Microsoft is Working on Chromecast-Like Dongle Called Miracast
Google’s Chromecast was a surprise hit when it was launched. And now it appears Microsoft is working on something similar for Windows Phone and probably Windows PCs.
A document filed with the FCC (Federal Communication Commission) by Microsoft has been spotted for a “Miracast Dongle” media adapter. The filing reveals that the device comes with a HDMI port, Wi-Fi and a USB connection for power supply. Miracast is a screencasting standard for connected devices over Wi-Fi Direct. Microsoft recently added Miracast support to Windows Phone via the Lumia Cyan firmware for Windows Phone 8.1.
However, Miracast doesn’t seem like a direct Chromecast competitor. It is said that the two devices work a bit differently with Chromecast pulling streaming data from the cloud while Miracast, as its name suggest, just mirrors the display. The big advantage of mirroring a display on your TV is that you don’t have to wait for developers to add Miracast support to their apps, because it’s a system-wide feature.
It is said that the new dongle would take advantage of Windows Phone 8.1’s Miracast-based Project My Screen feature to broadcast your screen to a TV. This could be used for putting anything from videos and games to presentations and photos on your living room’s big screen. Adding a dongle to support Miracast on TVs is key, because the technology has yet to see wide adoption despite being supported in the latest build of Windows.

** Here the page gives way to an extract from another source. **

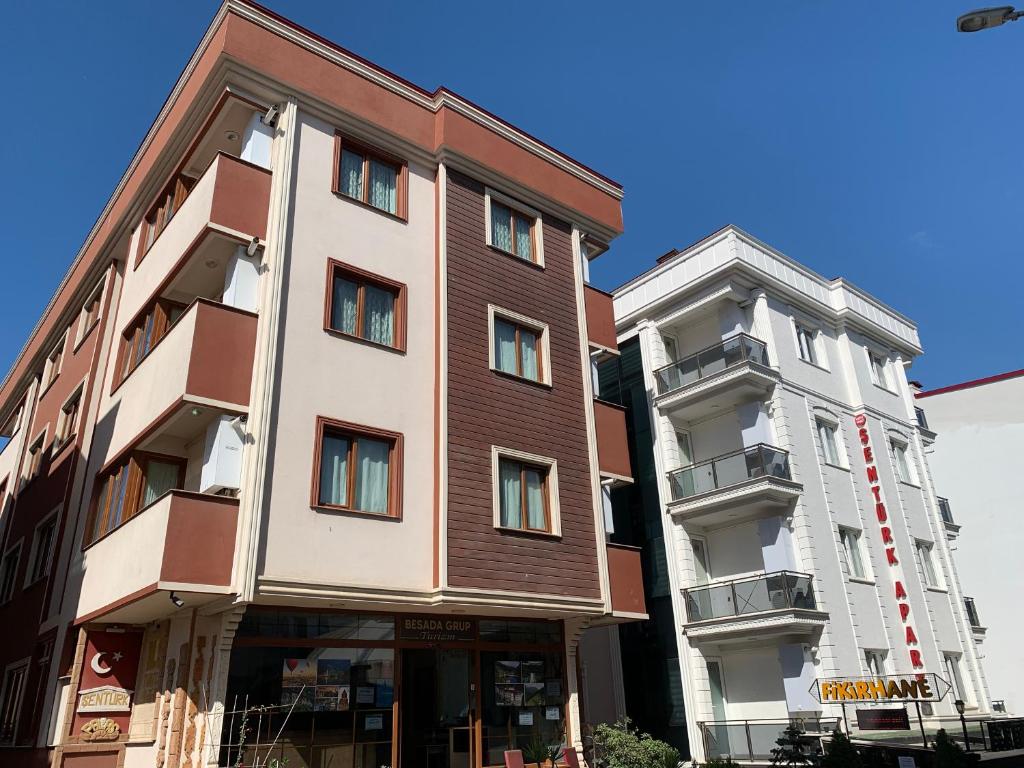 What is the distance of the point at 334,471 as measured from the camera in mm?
14234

With Microsoft expected to launch a couple of Lumia mobile devices at its upcoming IFA press event in Berlin on September 4th, we will not be surprised if Miracast also get officially unveiled at the same event. Also, we expect that device will support Windows PCs as well.
Microsoft is also planning to dispatch a Windows 8.1 PC for $199 to contend with the Chromebook. As per reports the laptop will be made by HP and will be known as the HP Stream 14. It will have a 14 inch show with 1366 x 768 pixels determination. It will be accessible in 32 GB and 64 GB variations and will weigh only 1.75 kgs.
Microsoft has recently lagged behind in offering a universally appreciated user experience. It has a lot of catching up to do. The company is still in its restructuring phase and it will be interesting to see if those massive job cuts would get Microsoft back to tech glory. Also the evolved interconnected ecosystems offered by Chrome and Android on Google’s side and OSX and iOS provided by Apple stand as a formidable opponent in the path of Microsoft. Miracast shows promise but nothing can be said until we lay our hands on the device, so keep checking out this spot.